Can You Track Your Perplexity Citations?
You can, not perfectly, but well enough to steer. There's no Search Console for Perplexity, so the practical method is a recurring check: run your priority questions in Perplexity yourself, note which pages it cites and whether yours appears, and log it monthly. It takes about 20 minutes a month. Add a referral-traffic filter for perplexity.ai in your analytics, since a share of cited pages do pull direct visits. Tools that monitor brand mentions across answer engines are starting to land, but a disciplined manual pass (same questions, same day each month) catches most of what you need. If a citation disappears, the usual cause is a competitor publishing something fresher, so the fix is republishing with a newer date and a sharper answer. In our experience the swap-back often lands inside 14 days. For a second opinion on whether your site is built for any of this, our roundup of the best AI search agencies in Australia sets the bar, or book a 30-minute call and we'll go through it with you.

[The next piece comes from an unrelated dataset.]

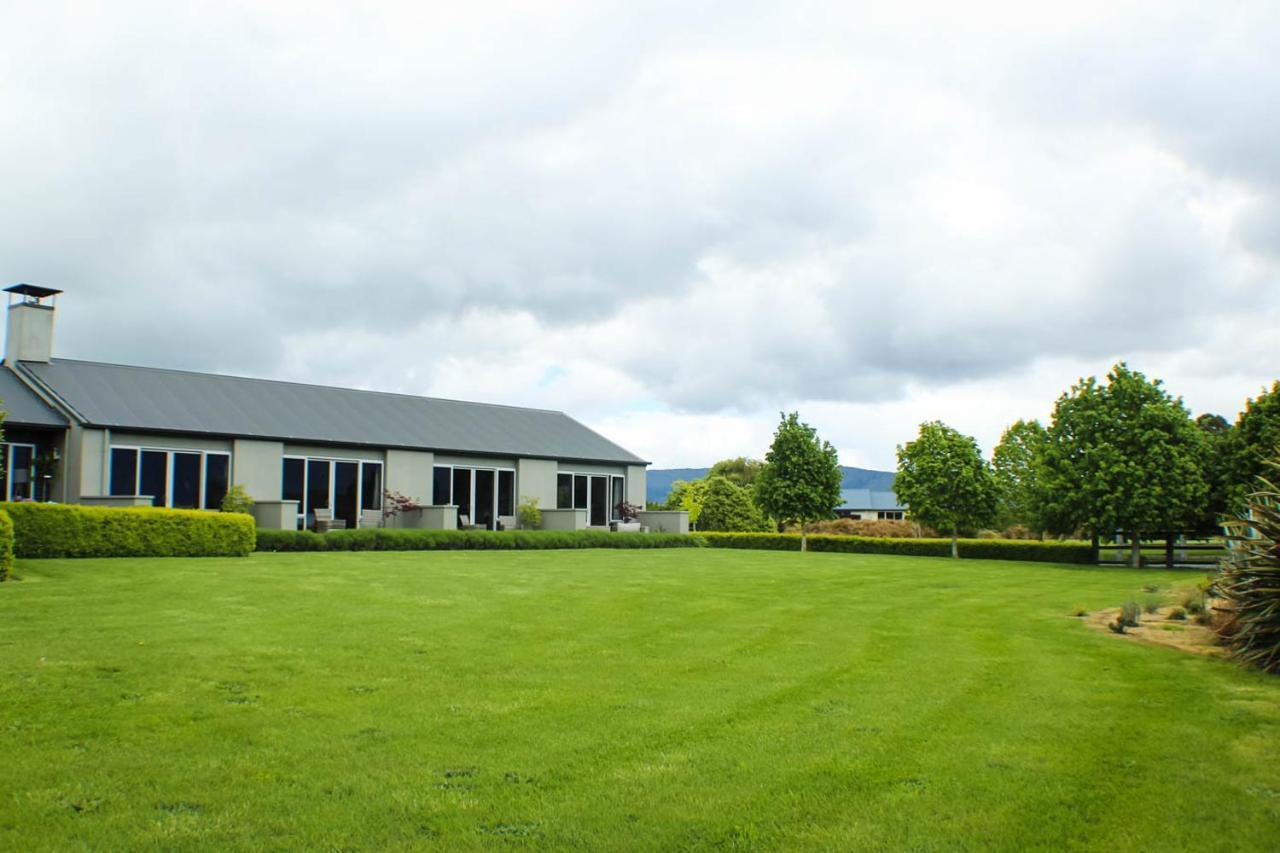 Dunluce Boutique B&B Te Anau Exterior foto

Perplexity SEO vs ChatGPT SEO: Where the Lists Diverge
Same goal, different shortlists, which is why you work both, not just one. ChatGPT (search mode) and Perplexity both read the live web but weight pages differently, so they cite largely separate content. Here's how Perplexity compares to the Google SEO you already know:
| Signal | Traditional Google SEO | Perplexity SEO |
|---|---|---|
| What it reads | An index snapshot | The live web, on most queries |
| Top ranking factor | Backlinks and domain authority | Freshness, source structure, citation worthiness |
| Content age | Evergreen pages rank for years | Skews to the last 30–90 days |
| Winning format | Long pages, broad keyword coverage | Tight, citable passages and clear data points |
| How you measure it | Rankings and organic clicks | Citations and brand mentions in answers |
Build the page once to answer the question properly, structure it so any engine can lift it, then keep it fresh. Our ChatGPT search ranking playbook handles that side. What AI automation looks like for Australian businesses covers running the cadence.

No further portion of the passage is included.